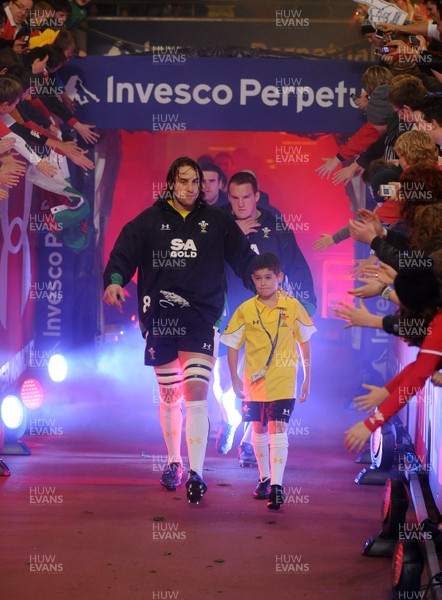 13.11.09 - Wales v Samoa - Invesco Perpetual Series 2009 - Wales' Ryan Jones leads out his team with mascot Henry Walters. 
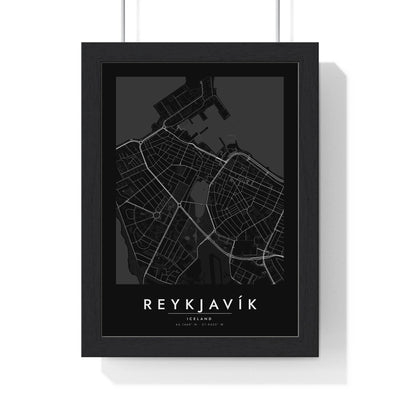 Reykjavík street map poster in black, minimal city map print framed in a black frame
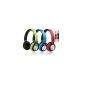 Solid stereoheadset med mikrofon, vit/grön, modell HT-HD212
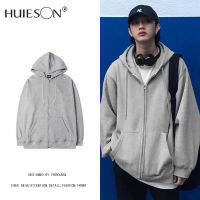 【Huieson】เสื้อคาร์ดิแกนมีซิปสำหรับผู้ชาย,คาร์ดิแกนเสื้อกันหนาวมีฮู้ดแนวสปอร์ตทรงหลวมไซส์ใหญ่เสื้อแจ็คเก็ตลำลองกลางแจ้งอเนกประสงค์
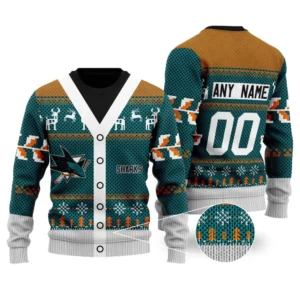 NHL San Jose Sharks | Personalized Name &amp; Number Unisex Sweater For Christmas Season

***

## How to complete this task
The data above is to be printed exactly, all of it, except for the pictures.

## Output
 13.11.09 - Wales v Samoa - Invesco Perpetual Series 2009 - Wales' Ryan Jones leads out his team with mascot Henry Walters. 
 Reykjavík street map poster in black, minimal city map print framed in a black frame
 Solid stereoheadset med mikrofon, vit/grön, modell HT-HD212
 【Huieson】เสื้อคาร์ดิแกนมีซิปสำหรับผู้ชาย,คาร์ดิแกนเสื้อกันหนาวมีฮู้ดแนวสปอร์ตทรงหลวมไซส์ใหญ่เสื้อแจ็คเก็ตลำลองกลางแจ้งอเนกประสงค์
 NHL San Jose Sharks | Personalized Name &amp; Number Unisex Sweater For Christmas Season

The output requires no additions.